### Given data
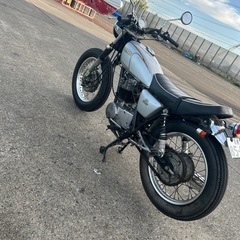 車検本日取得　車検満タン　ヤマハ　SR400 　カスタム の画像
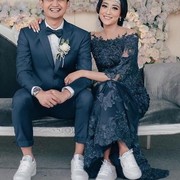 Agar Makin Kompak, Contek 5 Inspirasi Kebaya Couple Ini yuk!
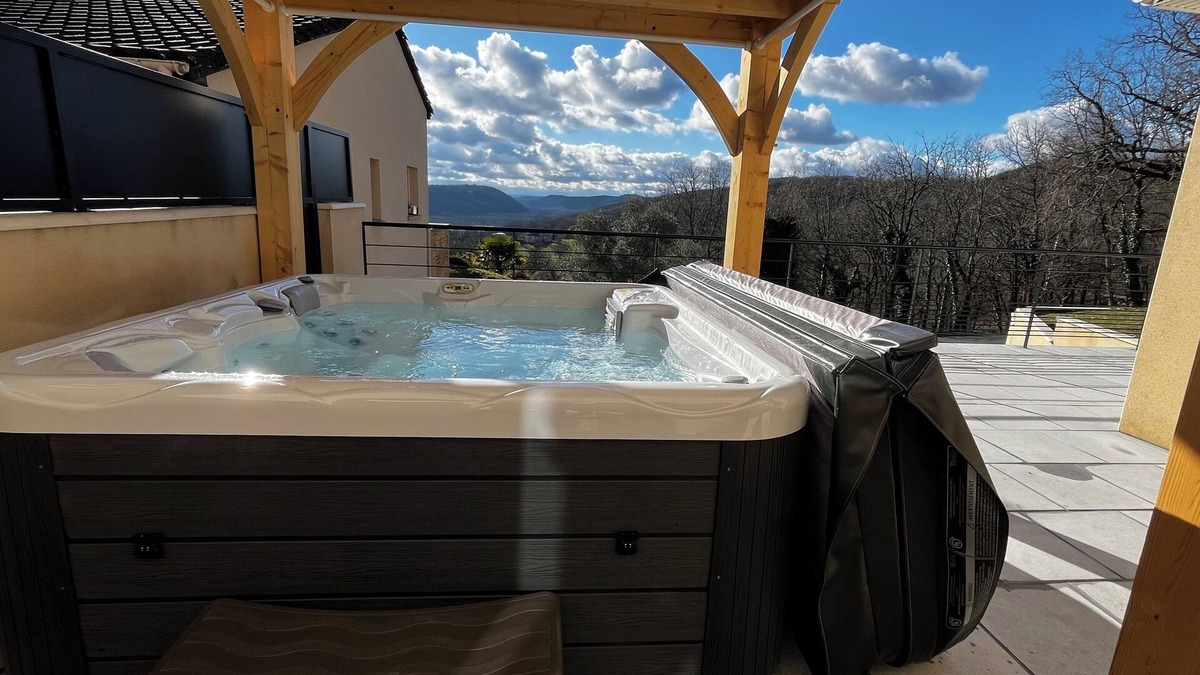 Cazoules House | House with private spa and view of the Dordogne valley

### To do
Exactly repeat the data above; the pictures do not belong in your copy.

### Your solution
 車検本日取得　車検満タン　ヤマハ　SR400 　カスタム の画像
 Agar Makin Kompak, Contek 5 Inspirasi Kebaya Couple Ini yuk!
 Cazoules House | House with private spa and view of the Dordogne valley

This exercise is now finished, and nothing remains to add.